To reach your potential, you have to not only train harder but realise that you are fighting an impossible battle to achieve greatness by only doing the bare minimum. Obviously, this takes different forms and is a relative matter depending on who you are and what your starting point is. For example, it is unrealistic for someone new to fitness training to jump into a program designed for olympic athletes and not expect to get injured or exhaust themselves mentally and physically within a very short time frame. By addressing your training with dedicated and training smartly for your own goals, plus accepting that sometimes more is better, you will likely be able to realise those goals and hit your potential within a much more realistic period of time. Otherwise you could see yourself trying to hit a goal for years and years without making any discernible progress towards it.
To be the best at something it must be accepted that you will have to become obsessed with achieving it.
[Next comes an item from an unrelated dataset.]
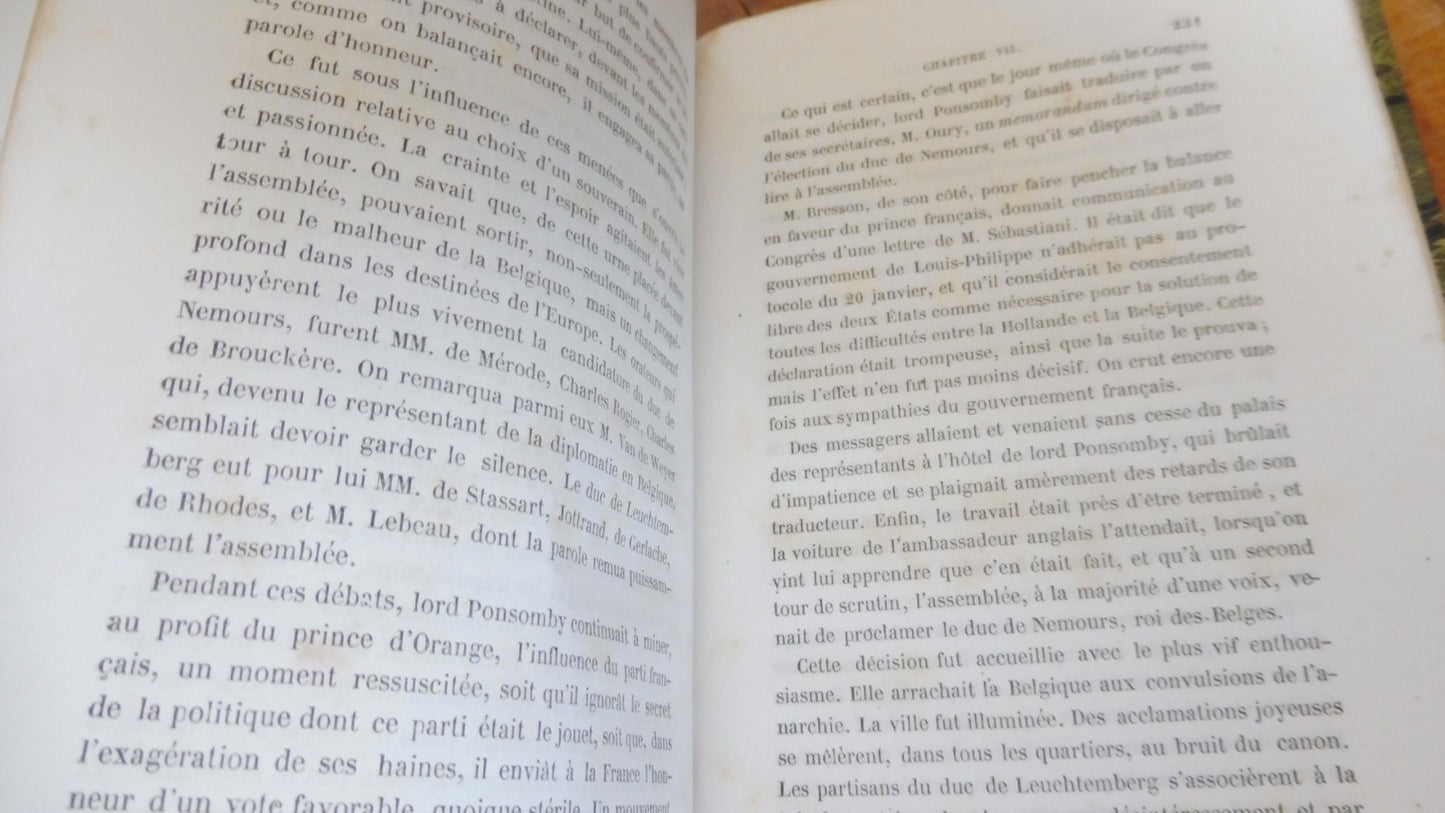 Histoire de dix ans. 1830-1840 (Louis blanc) 1846 5 vol.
None of the athletes at the top of their game are competing with a hope to just go with the flow and see what happens. they want to win and their training up to that point will likely have reflected just that. Young olympic hopefuls are often looking 8+ years ahead to make it to that the world-class level and unfortunately many never make it, such is the nature of being a world class athlete.
To normal people, this comes down to realising that if you want to get to a level that is well above where you are currently at; or make it to a level that is recognised nationally or higher, you have to put in more than the 1 hour a day you might spend in the gym or studying or practicing your craft. That is the hard and simple truth of the matter. Dedicate yourself to something and push until it becomes closer to reality.